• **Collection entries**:
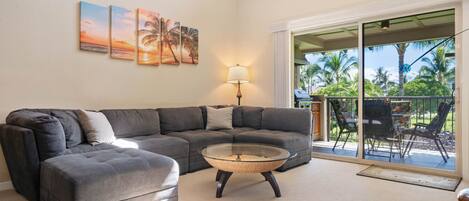 Condo, vÔrias camas, banheira de imersão, vista para o jardim | Sala de estar | TV 40 polegadas com canais a cabo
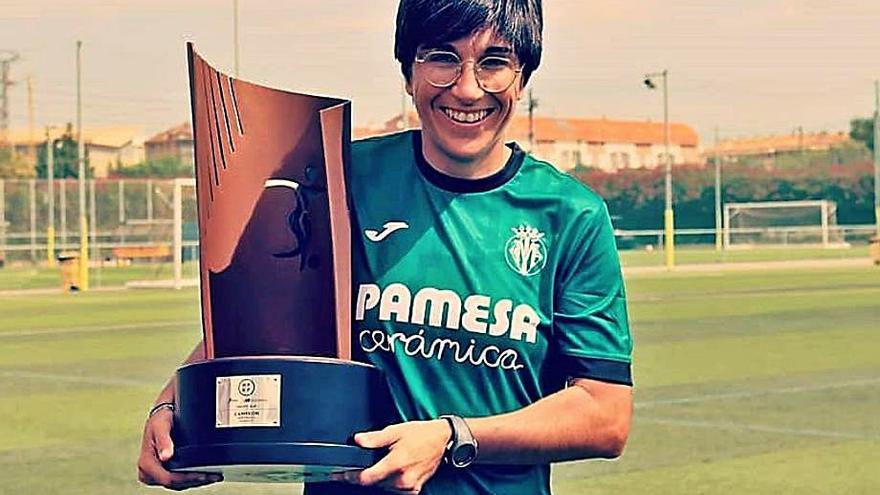 Sara Monforte, con el trofeo de campeonas del Reto Iberdrola.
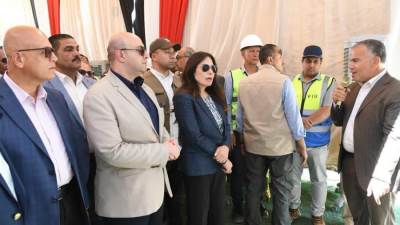 وزيرة الإسكان ومحافظ الفيوم يتفقدان محطة معالجة صرف صحي أبو شنب 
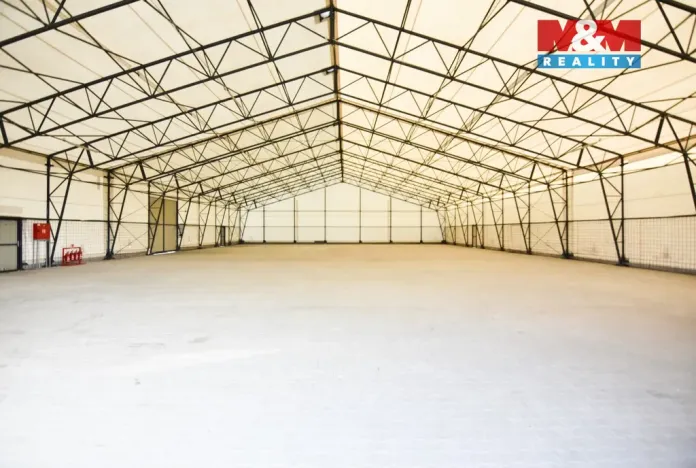 Pronájem skladu, Hlavenec, 950 m2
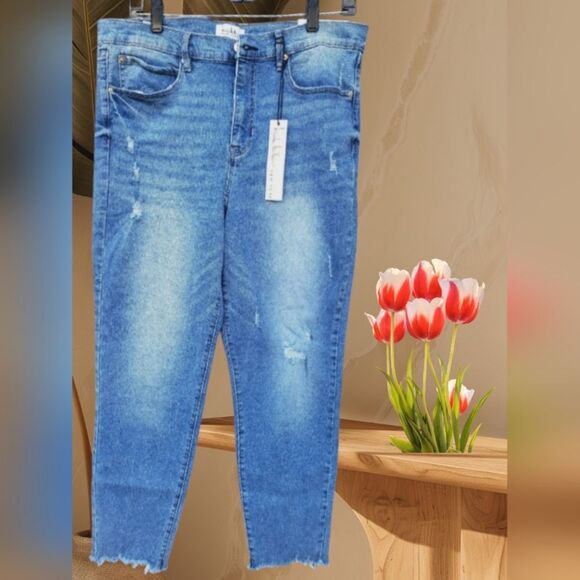 Nicole Miller Denim - Blue jeans perfect for casual outings. Comfortable fit Nicole Miller Blue Jeans.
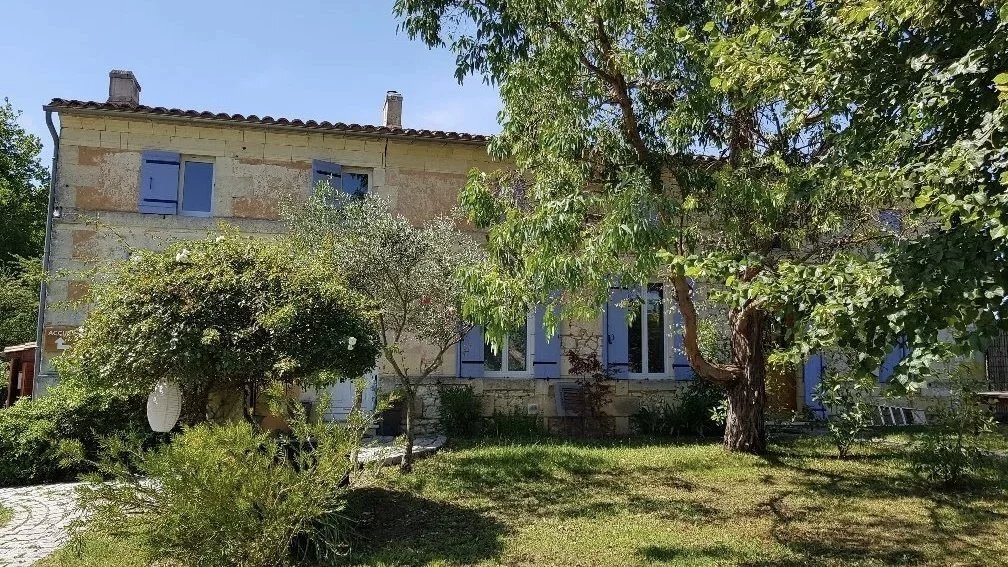 Berson, Nouvelle-Aquitaine, France 4 - 14805377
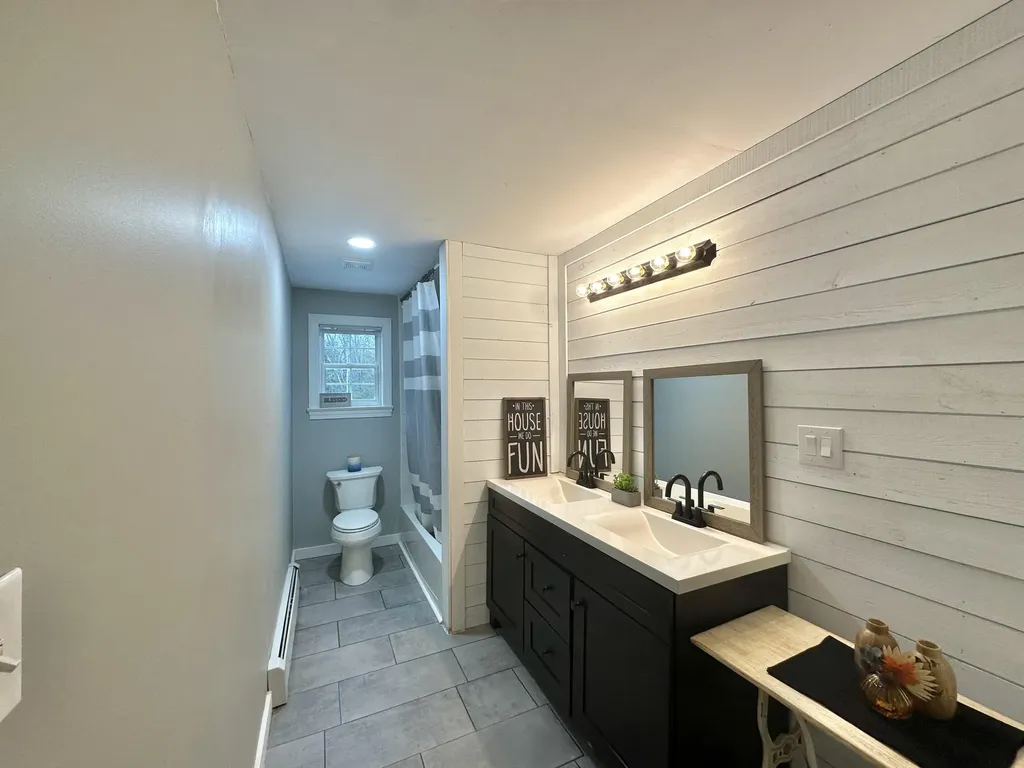 5 Ash Road Dedham ME 04429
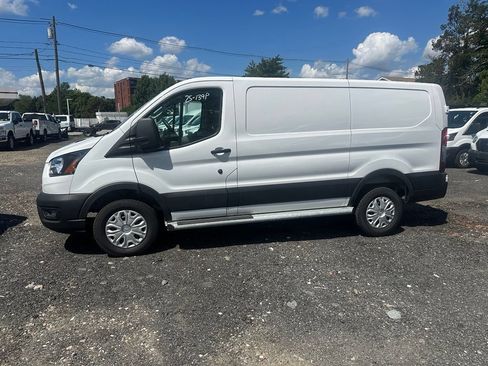 Used 2025 Ford Transit 250 Low Roof w/ Exterior Upgrade Package RWD image 7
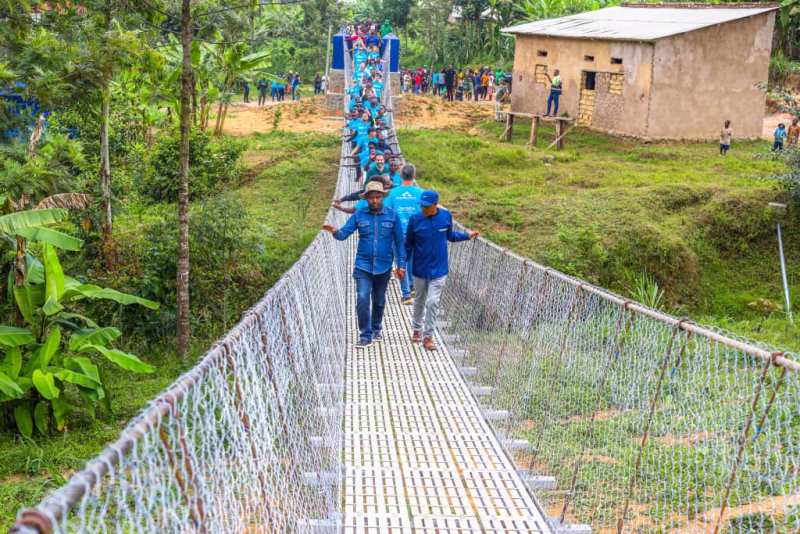 Gakenke: Karambo bishimira ikiraro cyo mu kirere kije koroshya imigenderanire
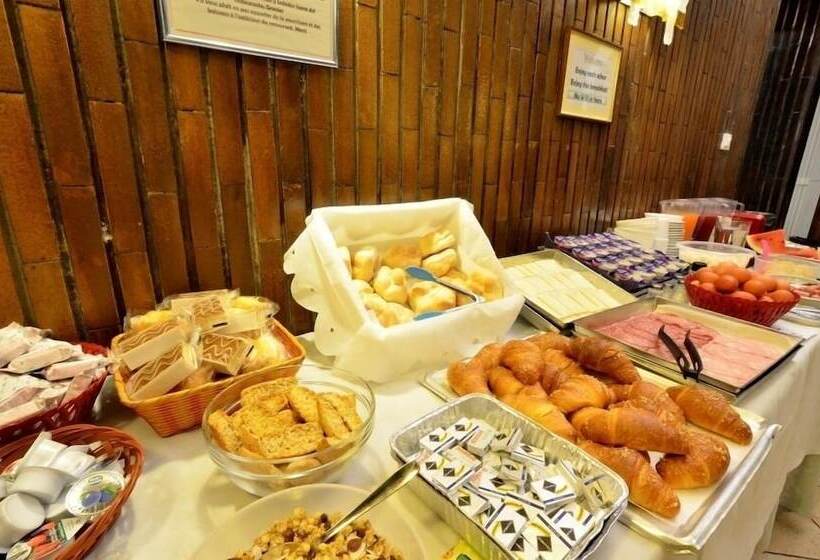 Fotos del hotel Tirreno:  6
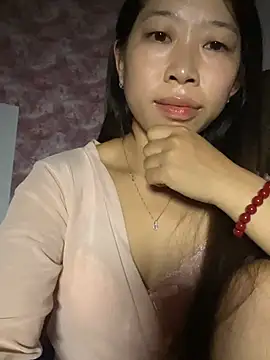 Snapshot of Mayly_lucky2 chatting on July 8, 2026, 12:03 am Mayly lucky2 online show from July 8, 2026, 12:03 am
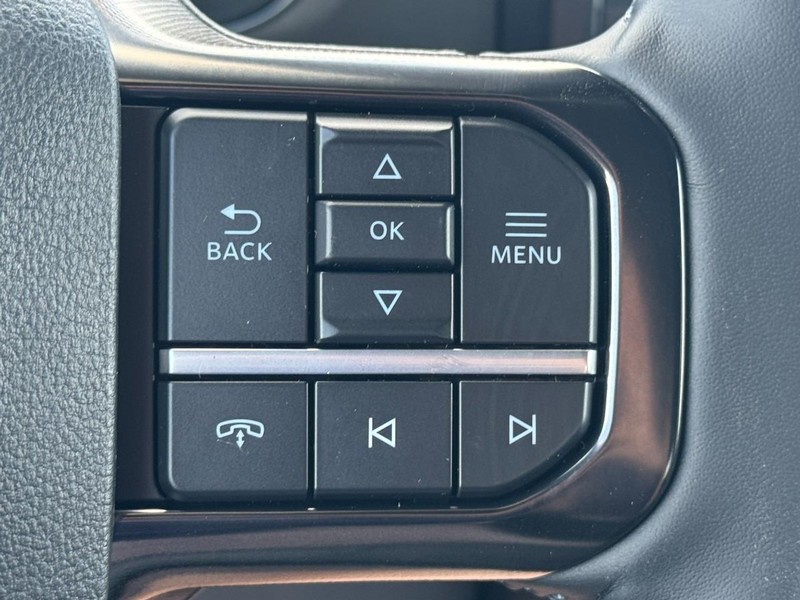 Ford Super Duty F-250 SRW Vehicle Full-screen Gallery Image 12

• **The problem**: Exclude all pictures and return precisely the lines from the one containing "Snapshot of Mayly_lucky2" through the closing line of the data.

• **Solution**:
 Snapshot of Mayly_lucky2 chatting on July 8, 2026, 12:03 am Mayly lucky2 online show from July 8, 2026, 12:03 am
 Ford Super Duty F-250 SRW Vehicle Full-screen Gallery Image 12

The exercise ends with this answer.